§ Description of the task: Only the lines from the beginning of the data below through the line containing "Supreme Small Box" belong in the response, each copied exactly.

START Dataset

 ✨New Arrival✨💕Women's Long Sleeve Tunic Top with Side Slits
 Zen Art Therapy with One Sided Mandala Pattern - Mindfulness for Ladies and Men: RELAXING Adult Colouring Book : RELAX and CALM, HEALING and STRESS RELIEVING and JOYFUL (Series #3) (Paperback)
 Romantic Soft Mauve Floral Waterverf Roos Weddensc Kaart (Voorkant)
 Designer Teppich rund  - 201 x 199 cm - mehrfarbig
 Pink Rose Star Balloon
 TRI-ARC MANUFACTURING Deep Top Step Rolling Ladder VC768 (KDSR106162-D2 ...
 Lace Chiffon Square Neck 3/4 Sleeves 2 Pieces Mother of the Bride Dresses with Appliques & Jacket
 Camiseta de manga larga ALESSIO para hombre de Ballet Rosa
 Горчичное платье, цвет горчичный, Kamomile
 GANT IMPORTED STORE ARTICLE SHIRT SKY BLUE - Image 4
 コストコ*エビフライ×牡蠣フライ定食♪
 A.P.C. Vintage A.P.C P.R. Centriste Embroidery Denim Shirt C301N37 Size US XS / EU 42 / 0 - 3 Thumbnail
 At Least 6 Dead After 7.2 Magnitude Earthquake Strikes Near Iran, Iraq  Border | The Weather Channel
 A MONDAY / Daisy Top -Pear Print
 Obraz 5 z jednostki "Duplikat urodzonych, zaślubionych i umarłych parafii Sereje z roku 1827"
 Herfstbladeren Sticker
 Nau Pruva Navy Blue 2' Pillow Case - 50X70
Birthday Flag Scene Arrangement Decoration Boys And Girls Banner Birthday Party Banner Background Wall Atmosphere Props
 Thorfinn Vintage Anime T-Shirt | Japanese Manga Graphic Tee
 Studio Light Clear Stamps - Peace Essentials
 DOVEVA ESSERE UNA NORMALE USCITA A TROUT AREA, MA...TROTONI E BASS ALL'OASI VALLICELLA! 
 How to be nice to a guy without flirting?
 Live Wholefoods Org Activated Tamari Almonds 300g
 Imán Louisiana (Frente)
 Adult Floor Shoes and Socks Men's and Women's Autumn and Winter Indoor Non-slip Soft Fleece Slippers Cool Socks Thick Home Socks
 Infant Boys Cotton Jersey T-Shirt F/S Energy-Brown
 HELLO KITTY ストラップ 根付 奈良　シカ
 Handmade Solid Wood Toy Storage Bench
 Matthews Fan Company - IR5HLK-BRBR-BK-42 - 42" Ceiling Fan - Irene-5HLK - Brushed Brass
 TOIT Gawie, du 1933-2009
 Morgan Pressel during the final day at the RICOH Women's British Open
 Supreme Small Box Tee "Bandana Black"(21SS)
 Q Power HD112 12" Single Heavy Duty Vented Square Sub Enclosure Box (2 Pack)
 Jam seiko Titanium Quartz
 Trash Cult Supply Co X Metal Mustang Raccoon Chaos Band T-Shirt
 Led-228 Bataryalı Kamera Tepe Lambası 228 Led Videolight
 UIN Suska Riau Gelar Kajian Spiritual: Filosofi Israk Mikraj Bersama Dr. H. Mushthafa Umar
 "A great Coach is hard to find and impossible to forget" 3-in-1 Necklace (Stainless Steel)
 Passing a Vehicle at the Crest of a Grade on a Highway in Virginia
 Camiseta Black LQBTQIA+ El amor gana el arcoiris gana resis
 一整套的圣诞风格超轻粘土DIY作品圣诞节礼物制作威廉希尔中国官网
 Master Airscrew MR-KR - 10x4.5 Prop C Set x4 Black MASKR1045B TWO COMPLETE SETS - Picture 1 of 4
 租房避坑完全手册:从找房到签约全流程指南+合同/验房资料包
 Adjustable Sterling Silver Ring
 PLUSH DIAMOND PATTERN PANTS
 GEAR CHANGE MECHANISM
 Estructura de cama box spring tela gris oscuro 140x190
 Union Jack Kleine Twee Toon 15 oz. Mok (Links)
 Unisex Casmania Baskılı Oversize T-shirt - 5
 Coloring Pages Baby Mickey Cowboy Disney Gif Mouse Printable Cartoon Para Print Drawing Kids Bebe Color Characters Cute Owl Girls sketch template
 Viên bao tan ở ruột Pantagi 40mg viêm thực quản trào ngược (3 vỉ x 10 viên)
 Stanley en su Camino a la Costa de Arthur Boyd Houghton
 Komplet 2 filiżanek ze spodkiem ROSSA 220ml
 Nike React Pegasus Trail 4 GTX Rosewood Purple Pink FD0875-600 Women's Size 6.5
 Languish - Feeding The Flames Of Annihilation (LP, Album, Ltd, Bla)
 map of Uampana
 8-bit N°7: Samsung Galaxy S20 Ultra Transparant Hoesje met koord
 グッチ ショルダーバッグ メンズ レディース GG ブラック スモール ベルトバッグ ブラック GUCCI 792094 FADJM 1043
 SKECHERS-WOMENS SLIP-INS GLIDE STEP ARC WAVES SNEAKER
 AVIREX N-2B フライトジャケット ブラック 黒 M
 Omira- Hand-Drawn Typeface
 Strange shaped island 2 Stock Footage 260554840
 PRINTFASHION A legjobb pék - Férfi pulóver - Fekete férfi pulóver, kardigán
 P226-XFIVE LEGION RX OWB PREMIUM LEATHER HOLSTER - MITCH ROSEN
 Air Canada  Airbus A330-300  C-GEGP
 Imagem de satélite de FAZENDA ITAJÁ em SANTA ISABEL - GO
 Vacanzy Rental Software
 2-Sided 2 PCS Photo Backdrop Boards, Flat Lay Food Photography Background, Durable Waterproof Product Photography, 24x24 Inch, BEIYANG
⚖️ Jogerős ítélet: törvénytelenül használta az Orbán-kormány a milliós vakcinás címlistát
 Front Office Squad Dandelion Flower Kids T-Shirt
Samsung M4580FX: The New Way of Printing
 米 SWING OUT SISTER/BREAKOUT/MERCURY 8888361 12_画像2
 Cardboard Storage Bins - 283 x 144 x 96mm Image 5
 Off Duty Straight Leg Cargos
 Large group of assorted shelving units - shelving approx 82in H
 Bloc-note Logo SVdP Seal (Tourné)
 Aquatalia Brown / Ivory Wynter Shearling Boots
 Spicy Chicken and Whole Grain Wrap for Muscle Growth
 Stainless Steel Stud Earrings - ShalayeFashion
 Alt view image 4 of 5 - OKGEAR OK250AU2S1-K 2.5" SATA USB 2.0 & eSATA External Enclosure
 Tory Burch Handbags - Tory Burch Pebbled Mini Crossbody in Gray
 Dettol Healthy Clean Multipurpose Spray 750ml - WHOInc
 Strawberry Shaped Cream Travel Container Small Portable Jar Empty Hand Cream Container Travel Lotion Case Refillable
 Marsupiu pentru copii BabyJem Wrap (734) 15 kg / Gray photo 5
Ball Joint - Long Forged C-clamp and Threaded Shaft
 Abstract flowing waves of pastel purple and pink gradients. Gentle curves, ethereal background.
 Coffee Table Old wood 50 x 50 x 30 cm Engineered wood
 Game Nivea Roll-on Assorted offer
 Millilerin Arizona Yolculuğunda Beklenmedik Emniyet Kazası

END Dataset

§ Result:
 ✨New Arrival✨💕Women's Long Sleeve Tunic Top with Side Slits
 Zen Art Therapy with One Sided Mandala Pattern - Mindfulness for Ladies and Men: RELAXING Adult Colouring Book : RELAX and CALM, HEALING and STRESS RELIEVING and JOYFUL (Series #3) (Paperback)
 Romantic Soft Mauve Floral Waterverf Roos Weddensc Kaart (Voorkant)
 Designer Teppich rund  - 201 x 199 cm - mehrfarbig
 Pink Rose Star Balloon
 TRI-ARC MANUFACTURING Deep Top Step Rolling Ladder VC768 (KDSR106162-D2 ...
 Lace Chiffon Square Neck 3/4 Sleeves 2 Pieces Mother of the Bride Dresses with Appliques & Jacket
 Camiseta de manga larga ALESSIO para hombre de Ballet Rosa
 Горчичное платье, цвет горчичный, Kamomile
 GANT IMPORTED STORE ARTICLE SHIRT SKY BLUE - Image 4
 コストコ*エビフライ×牡蠣フライ定食♪
 A.P.C. Vintage A.P.C P.R. Centriste Embroidery Denim Shirt C301N37 Size US XS / EU 42 / 0 - 3 Thumbnail
 At Least 6 Dead After 7.2 Magnitude Earthquake Strikes Near Iran, Iraq  Border | The Weather Channel
 A MONDAY / Daisy Top -Pear Print
 Obraz 5 z jednostki "Duplikat urodzonych, zaślubionych i umarłych parafii Sereje z roku 1827"
 Herfstbladeren Sticker
 Nau Pruva Navy Blue 2' Pillow Case - 50X70
Birthday Flag Scene Arrangement Decoration Boys And Girls Banner Birthday Party Banner Background Wall Atmosphere Props
 Thorfinn Vintage Anime T-Shirt | Japanese Manga Graphic Tee
 Studio Light Clear Stamps - Peace Essentials
 DOVEVA ESSERE UNA NORMALE USCITA A TROUT AREA, MA...TROTONI E BASS ALL'OASI VALLICELLA! 
 How to be nice to a guy without flirting?
 Live Wholefoods Org Activated Tamari Almonds 300g
 Imán Louisiana (Frente)
 Adult Floor Shoes and Socks Men's and Women's Autumn and Winter Indoor Non-slip Soft Fleece Slippers Cool Socks Thick Home Socks
 Infant Boys Cotton Jersey T-Shirt F/S Energy-Brown
 HELLO KITTY ストラップ 根付 奈良　シカ
 Handmade Solid Wood Toy Storage Bench
 Matthews Fan Company - IR5HLK-BRBR-BK-42 - 42" Ceiling Fan - Irene-5HLK - Brushed Brass
 TOIT Gawie, du 1933-2009
 Morgan Pressel during the final day at the RICOH Women's British Open
 Supreme Small Box Tee "Bandana Black"(21SS)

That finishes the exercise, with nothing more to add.